Спустя две недели его вызвали в суд.
Глава одиннадцатая
РОКОВАЯ ОШИБКА
Солнце уходило на запад, в сторону Лондона. Деревья парка подступили ближе к стенам дворца. Тяжёлые тени заглядывали к нему в кабинет. В кабинете становилось темней.
Генрих отложил в сторону последнее донесение, откинулся и потянулся.
Казалось, дела могли уладиться к полному его удовольствию. Во всяком случае, коронованным братьям нынче было не до него.
Карл уже десять лет как будто не обращал внимания на смуту в Германии, не наказывал отступников-лютеран, как следовало сделать тому, кто считал себя главой всего христианского мира, даже заключил договор с союзом лютеранских князей, закрывал глаза на неудачи брата своего Фердинанда, не сумевшего добиться победы над турками и возвратить в лоно христианства Венгерское королевство. Карл готовил крестовый поход на Тунис.
Тунисом владели разбойники-мусульмане, захватив внутреннее море, безжалостно грабили христианские берега, захватывали христианские корабли и безнаказанно увозили в рабство десятки тысяч пленников-христиан.
Карл давно поклялся им отомстить и положить конец грабежам, долго готовился, долго собирал армию. Наконец собрал. Испанцы высадились в Гулетте. Приходилось признать, что экспедиция была подготовлена хорошо. Осада заняла только месяц, несмотря на жару и недостаток воды. Тунис признал себя побеждённым. Свободу получили тысяч двадцать рабов-христиан. Вновь Карл поднялся на вершину могущества. Европа рукоплескала ему.
Вся Европа, но только не Франция. Позорное поражение и плен французского короля были ещё не забыты. Пять лет полного мира восстановили ущерб, нанесённый той войной. Франсуа укрепил и преобразовал свои вооружённые силы. У него теперь были новые эскадроны и не менее семи легионов национальной пехоты. В Гавре заложил новый порт, объехал весь север Франции, сделал смотр своим легионам и остался доволен. Осторожного Дюпре уже не было с ним, а Луиза Савойская давно умерла. При его дворе соперничали две партии. Одну возглавлял обер-гофмейстер Монморанси, фанатичный католик, сторонник неограниченной власти и восторженный приверженец испанского Карла, желавший мира с Испанией и Священной Римской империей. Другая партия образовалась вокруг адмирала Шабо де Бриона. Адмиралу не давала покоя слава великого полководца. По этой причине он жаждал большой сухопутной войны.
Победил тот, кто угадывал тайные желания короля, а тайным желанием Франсуа была месть ненавистному Карлу и возвращение всех французских завоеваний в Италии.

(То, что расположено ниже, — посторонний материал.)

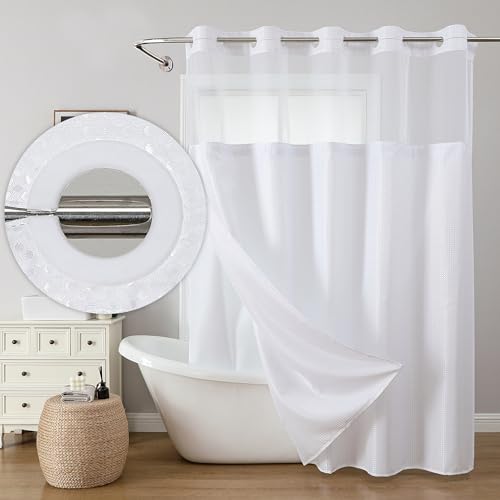 JYhoney White No Hook Shower Curtain with Snap in Liner, 230GSM Waffle Weave Shower Curtains Waterproof Polyester Fabric Shower Curtain Set for Bathroom Bathtubs, Through Mesh Top Window,71Wx74H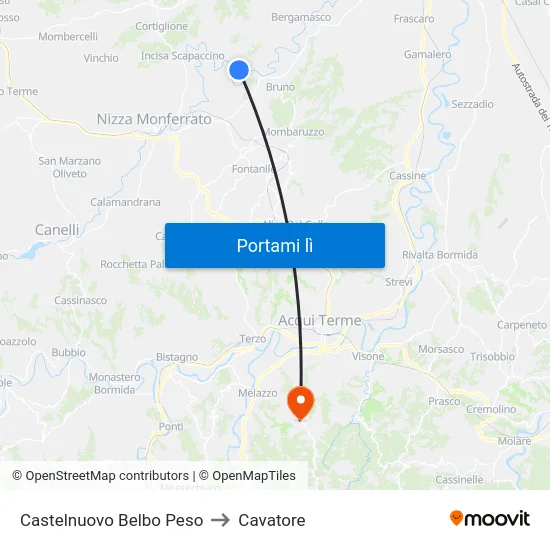 Castelnuovo Belbo Peso to Cavatore map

Стало быть, военные действия открыться могли со дня на день. Кавалерия и пехота уже тайно стягивались к швейцарской границе.
Для начала войны нужен был только предлог, и за этим дело не стало. Три года назад в Милане был обезглавлен агент французского короля, за что Милан заслуживал наказания, а после смерти матери Франсуа получал права на Пьемонт, которые было необходимо, как водится, защитить вооружённой рукой.
Положение оказывалось благоприятным, но сложным. Война займёт его главных противников и обеспечит ему мир на несколько лет, что необходимо для завершения церковных реформ, очень выгодных, однако чреватых кровавыми смутами.
Это с одной стороны.
А с другой, ещё до начала войны оба короля запросят союза, а Карл, чьё могущество всё возрастает, прямо потребует, чтобы он напал на Франсуа вместе с ним.
Генрих же воевать не хотел. Пыл юности понемногу прошёл. Из наследного короля, не более чем сына судьбы, он становился серьёзным правителем и научился рассчитывать каждый свой шаг. Война на континенте ничего не сулила, кроме громадных расходов и больших осложнений внутренних дел.